In the late 1960s and 1970s, as Hispanics lobbied to get a separate pseudo-racial category of their own in the Census in order to qualify for affirmative-action privileges, some demanded that so-called “white ethnics” like Jewish Americans, Arab Americans, Irish Americans, Italian Americans, Polish Americans, and other non-Anglo Protestants should get a piece of the action. Hadn’t Northeastern WASPs long kept Jews out of their prep schools, Ivy League colleges, social clubs, and white-shoe firms? Weren’t there saloons and stores in the past with signs saying “No Dogs or Irish?” Wasn’t the historic discrimination against Mexican Americans in the Southwest more like that against non-WASP white ethnics in the Northeast than against Black Americans? And what about the snobbery faced by the large diaspora of Christian Lebanese Americans, among other Arab Americans?
The federal bureaucracy that assigns racial identities to U.S. citizens replied: Sorry, Jewish and Polish and Italian Americans, you belong to the same ethnoracial community as Boston Brahmins. You’re all non-Hispanic whites. So Jewish Americans and Arab Americans were locked out of the ancestry-based affirmative action racket, like the others. But now, Jewish and Arab Americans (sorry, Irish, Italians, and Poles!) can take part in the American system of divide-and-rule racial clientelism, if the Census adds the MENA category.
What would the consequences of a MENA Census category be? One should be obvious: The number of self-identified MENA Americans would explode far beyond any increase caused by immigration or fertility, as the benefits of affirmative action for MENAs are discovered by non-Hispanic whites. Under the new Census rules, discovering a long-forgotten Jewish or Arab ancestor might become as popular among non-Hispanic whites as claiming to have had a distant Cherokee progenitor has been since the affirmative action patronage system began in the 1970s.
On the down side, a MENA category might provoke a huge increase in antisemitism in the United States. The Democratic Party and the mainstream media—but I repeat myself—overplay the importance on the right of crackpots who believe in “replacement theory,” but such nuts do exist. They think that ZOG—“Zionist-Occupied Government”—is deliberately trying to bring about the extinction of white Christian Americans and their replacement by nonwhite immigrants.
An obvious rebuttal to this conspiracy theory is the fact that Jews themselves are classified by ZOG as white. Why would Jews replace themselves? But if the federal government writes Jews into the nonwhite category, don’t be surprised when the neo-Nazis and the Klan claim vindication.
According to Pew, the richest religious groups in the United States are Hindus, Jews, Episcopalians, and nonreligious, a category that may include many East Asian Americans. For their part, Arab Americans are twice as likely as other Americans to have a postgraduate degree, and their average income is 22% higher than the national average.

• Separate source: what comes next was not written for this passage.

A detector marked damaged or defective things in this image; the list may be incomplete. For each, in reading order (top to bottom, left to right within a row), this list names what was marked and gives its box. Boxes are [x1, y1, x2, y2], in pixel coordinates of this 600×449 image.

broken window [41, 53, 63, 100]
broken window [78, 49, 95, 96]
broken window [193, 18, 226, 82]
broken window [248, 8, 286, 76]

If Jewish Americans along with Arab Americans are moved from the non-Hispanic white category into the MENA category, then there may be two “races”—AAPI and MENA—which will be entitled to affirmative action and other race-based privileges, even though on average their members are much better off economically than the remaining non-Hispanic white Americans, who will remain a plurality if not a majority of the U.S. population for generations to come.
Existing colors in the rainbow coalition might not be pleased when a new, unusually wealthy and well-educated stripe squeezes its way in.

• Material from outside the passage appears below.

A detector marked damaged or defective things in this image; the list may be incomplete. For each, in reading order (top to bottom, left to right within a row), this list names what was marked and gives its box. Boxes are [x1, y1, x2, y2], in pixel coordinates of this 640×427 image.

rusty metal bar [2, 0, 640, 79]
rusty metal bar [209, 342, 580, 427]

Meanwhile, the departure of Jewish Americans and Arab Americans to form their own small, highly visible, officially authorized racial club will leave the remaining non-Hispanic white category less educated and poorer on average. By taking two relatively affluent groups in the United States and reclassifying them as members of a separate, official “Semite” minority instead of as members of the national demographic majority, what could possibly go wrong?

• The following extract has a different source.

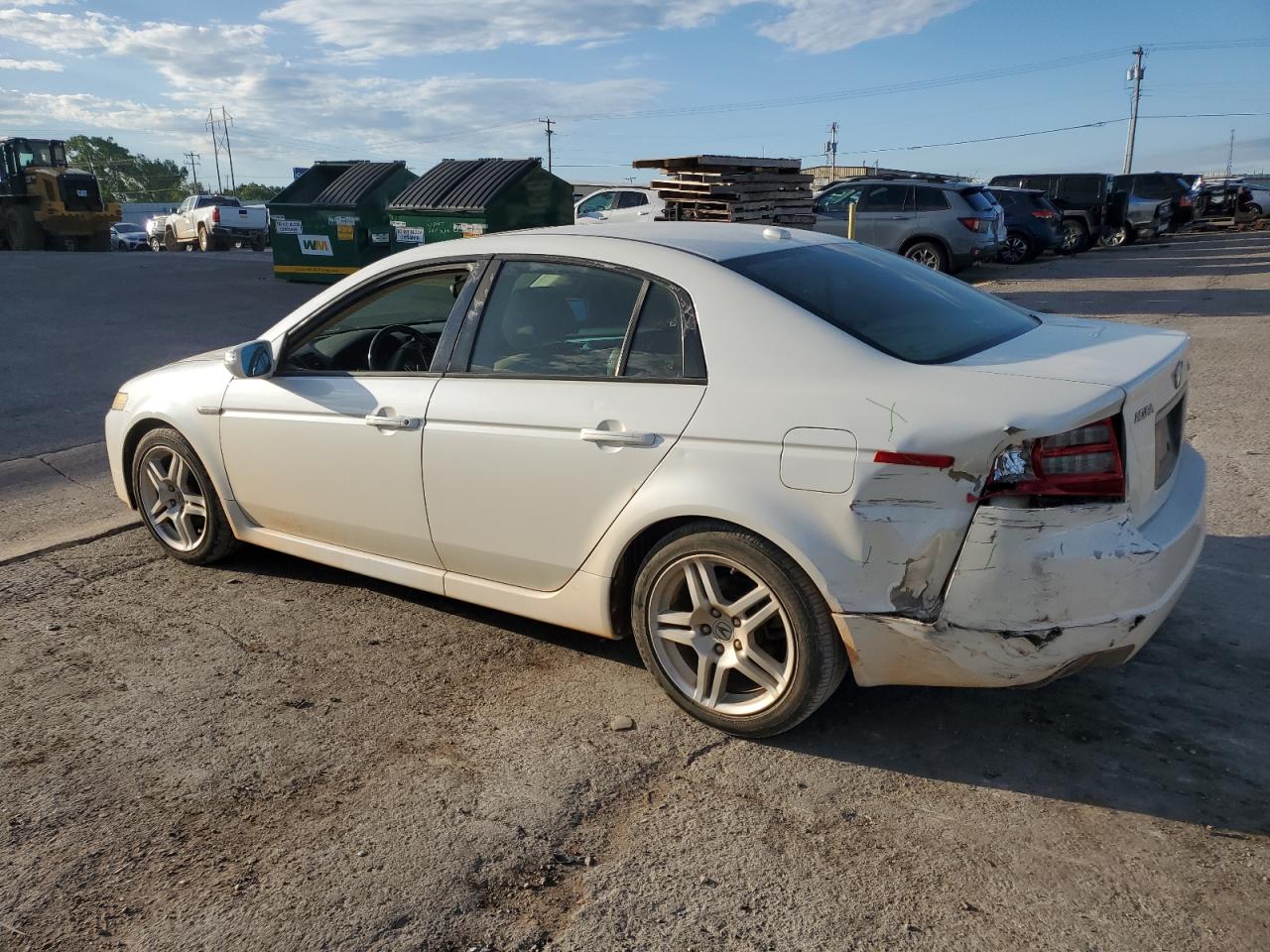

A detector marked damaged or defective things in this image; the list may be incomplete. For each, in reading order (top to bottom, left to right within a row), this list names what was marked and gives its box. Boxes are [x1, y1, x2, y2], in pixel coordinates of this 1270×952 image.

dented rear bumper [837, 444, 1204, 690]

The adoption of a MENA category by the Census, like the earlier adoption of new official racial categories, is also likely to produce a proliferation of MENA nonprofits, lobbies, and other associations funded by big foundations, billionaires, and corporations as part of the half-century strategy of promoting identity politics to divert attention from class conflict in the United States. Relations between Jewish Americans and Arab Americans would inevitably deteriorate quickly thanks to battles for influence over MENA institutions.
Apart from multiplying the number of fake Arabs and phony Jews, provoking a wave of resentful antisemitism among paranoid white gentiles, and worsening Jewish-Arab relations in America, what other effects might a MENA category have?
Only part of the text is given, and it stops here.